Reimagining is important because the breakthroughs so clearly subsume all that came before. What characterizes a reimagination most is that it renders the criteria used to evaluate the previous products irrelevant. Often there are orders of magnitude difference in cost, performance, reliability, service and features. Things are just wildly better. That’s why some have referred to this as the innovator’s curse. There’s no time to bask in the glory of the previous success, as there’s a disruptor following right up on your heels.

A recent example is cloud computing. Cloud computing is a reimagination ofboth the mini/mainframe and PC-server models. By some accounts, it is a hybrid of those two, taking the commodity hardware of the PC world and the thin client/data center view of the mainframe world. One would really have to squint in order to claim it is just that, however, as the fundamental innovation in cloud computing delivers entirely new scale, reliability and flexibility, at a cost that upends both of those models. Literally every assumption of the mainframe and client/server computing was revisited, intentionally or not, in building modern cloud systems.

For the previous incumbent, it is too late. There’s no way to sprinkle some reimagination on your product. The logical path, and the one most frequently taken, is to “mine the installed base,” and work hard to keep those customers happy and minimize the mass defections from your product. The question then becomes one of building an entirely new product that meets these new criteria, but from within the existing enterprise. The number of times this has been successfully accomplished is diminishingly small, but there will always be exceptions to the rule.

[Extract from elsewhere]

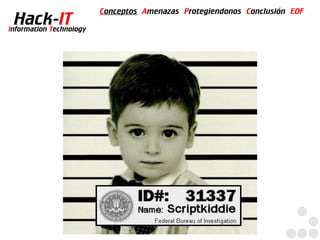 Conceptos Amenazas Protegiendonos Conclusión EOF
  Hack-IT
Information Technology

For the previous disruptor and new leader, there is a decision point that is almost unexpected. One might consider the drastic — simply learn from what you previously did, and essentially abandon your work and start over using what you learned. Or you could be more incremental, and get straight to the convergence stage with the latest technologies. It feels like the ground is moving beneath you. Can you converge rapidly, perhaps revisiting more assumptions, and show more flexibility to abandon some things while doing new things? Will your product architecture and technologies sustain this type of rethinking? Your customer base is relatively new, and was just feeling pretty good about winning, so the pressure to keep winning will be high. Will you do more than try to recast your work in this new light?

The relentless march of technology change comes faster than you think.

So What Can You Do?

Some sincerely believe that products, and thus companies, disrupt and then are doomed to be disrupted. Like a Starship captain when the shields are down, you simply tell all hands to brace themselves, and then see what’s left after the attack. Business and product development, however, are social sciences. There are no laws of nature, and nothing is certain to happen. There are patterns, which can be helpful signposts, or can blind you to potential actions. This is what makes the technology industry, and the changes technology bring to other industries, so exciting and interesting.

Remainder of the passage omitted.